There is absolutely no point in mixing soft-forks and hard-forks for no technological reason. Generally, hard-forks are safer, cleaner and ultimately better for the network, most of the time.

If we want to use soft-forks at all, doing so has to be thoroughly considered and not be taken lightly.

Indeed, if it’s not broken, don’t try to fix it.

1 Like

ohhhh, so that’s the reason… sloppy, smh

2 Likes

I read his reasons to be;

  1. a certain set of changes are best done and Ok as “soft forks”. (Nobody is suggesting a deliberate crippling just because.) The 2024 upgrade is one of those.
  2. such soft forks are easier for the wider ecosystem since they only affect full nodes.

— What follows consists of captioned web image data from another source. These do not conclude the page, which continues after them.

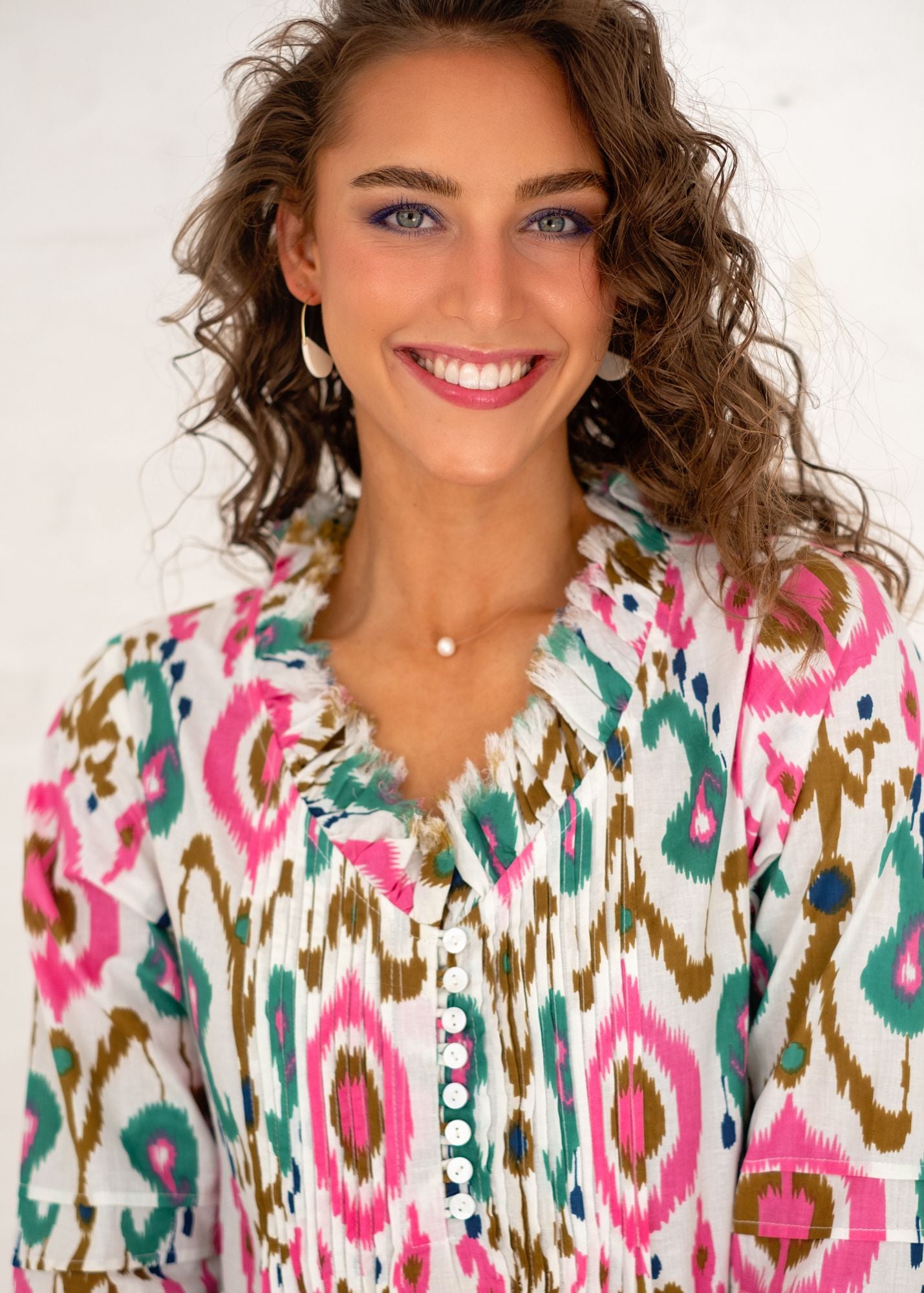 Sarah Dress with Frill in White and Pink Ikat Calf Length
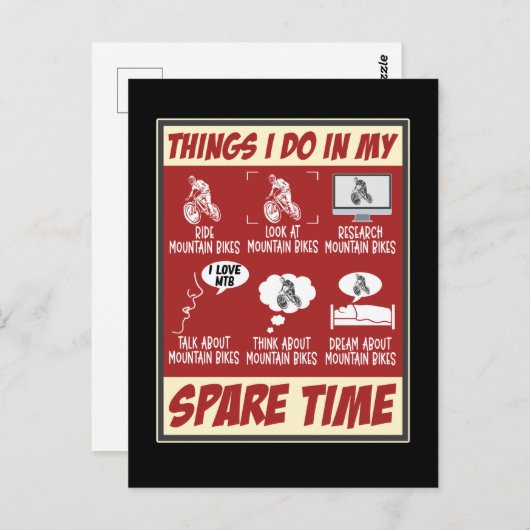 マウンテンバイおもしろいクMTBユーモアサイクリング ポストカード (正面/裏面)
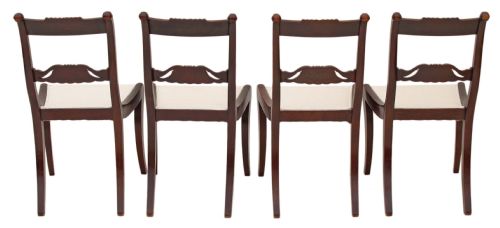 fig 1. Set of 4 Regency brass inlaid faux rosewood dining chairs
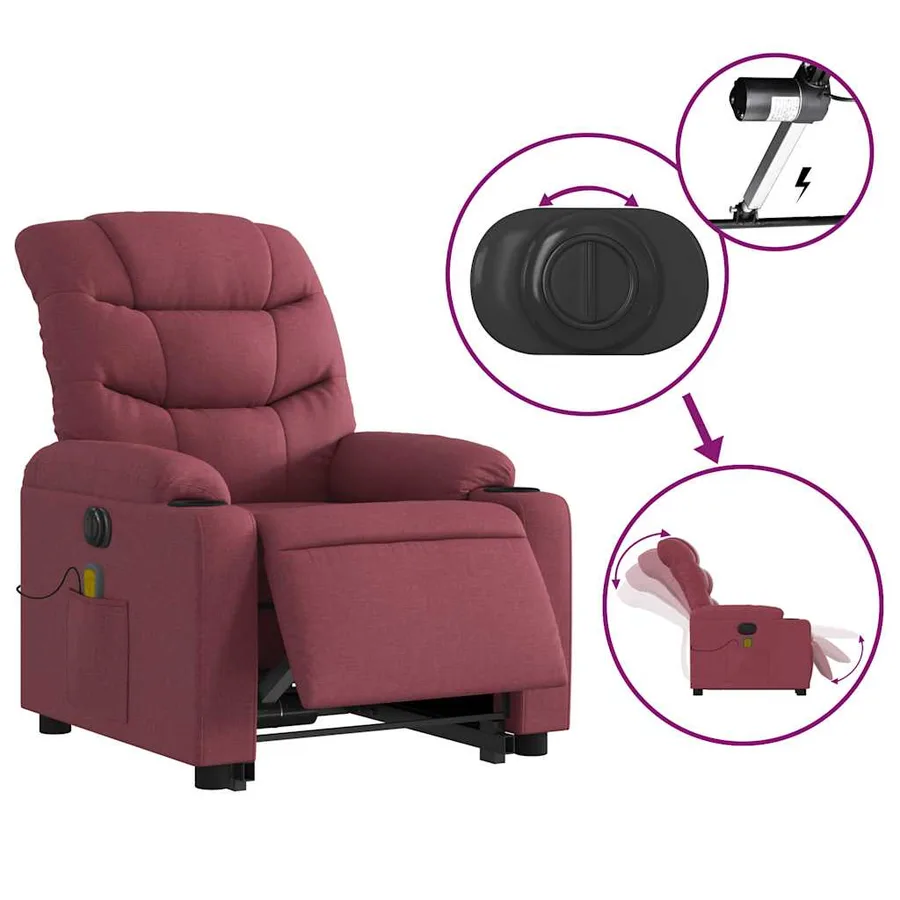 Fauteuil inclinable de massage électrique Rouge bordeaux Tissu - 6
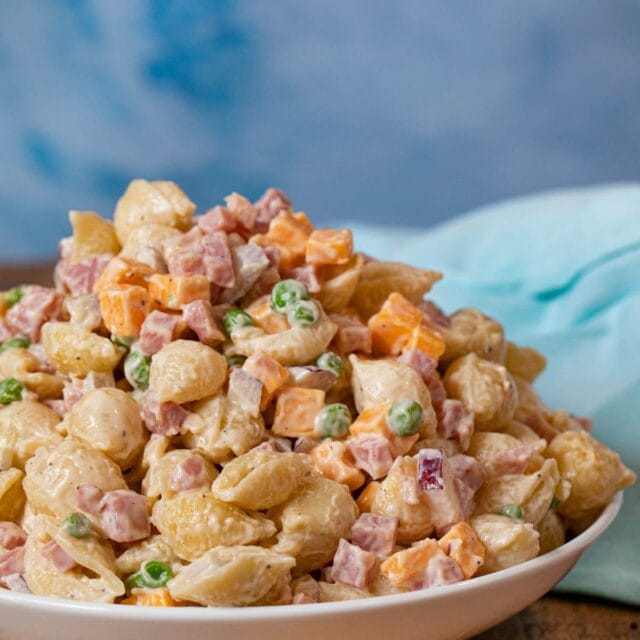 Ham and Cheese Pasta Salad in bowl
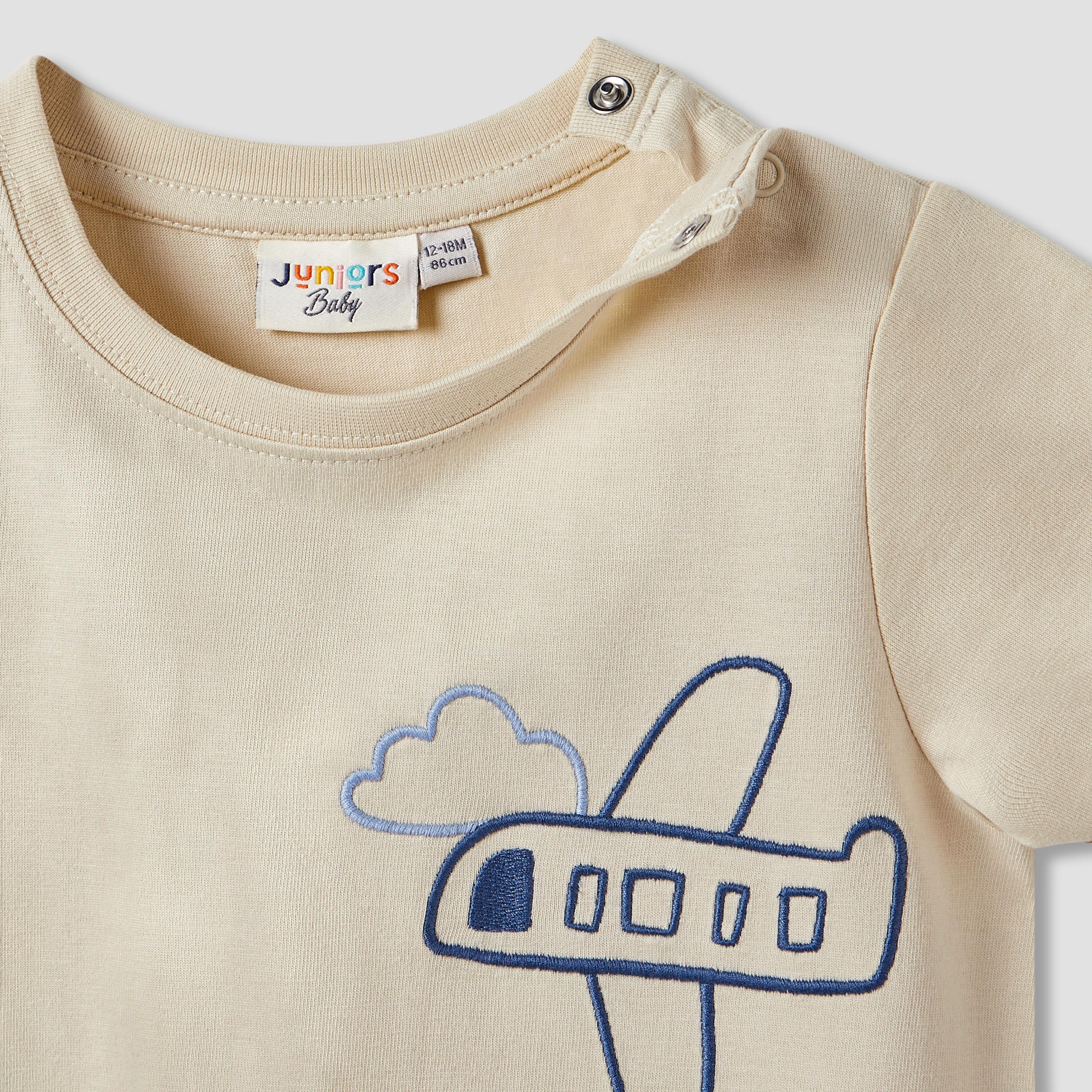 Juniors Aeroplane Print Romper with Short Sleeves - Set of 2-baby-boys-clothing-rompers-image-4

Everyone else can safely ignore them for some time. No looming deadline. Not even a need to follow the BCH news.
  3. intentionally pushing the more disruptive hard forks forward with the goal of having a longer cycle of stable building would then be useful without really having a lot of downsides. Hard forks are not being denied!

I think it merits some thought based on actual expected upgrades. Which are likely to be much less than we had in the last years.

2 Likes

looking forward to a CHIP suggesting deprecation (while never retiring, obviously) those and creating new ones that add the pop.

1 Like

Not sure if that vibe really is there, a re-read doesn’t give me that.
But that is not what I wanted to get across.

It seems your response is based on a misunderstanding of a “vibe”, or reading between the lines. Which is unfortunate and maybe avaidable to spend so much text on in future?

I do really like you agreeing with the overall tone I TRIED to put in there, which is about people appreachating the catching of breath.

Lets build on that.

3 Likes

I had a drafted response but this pretty much covered it in a much more brief way. Thanks!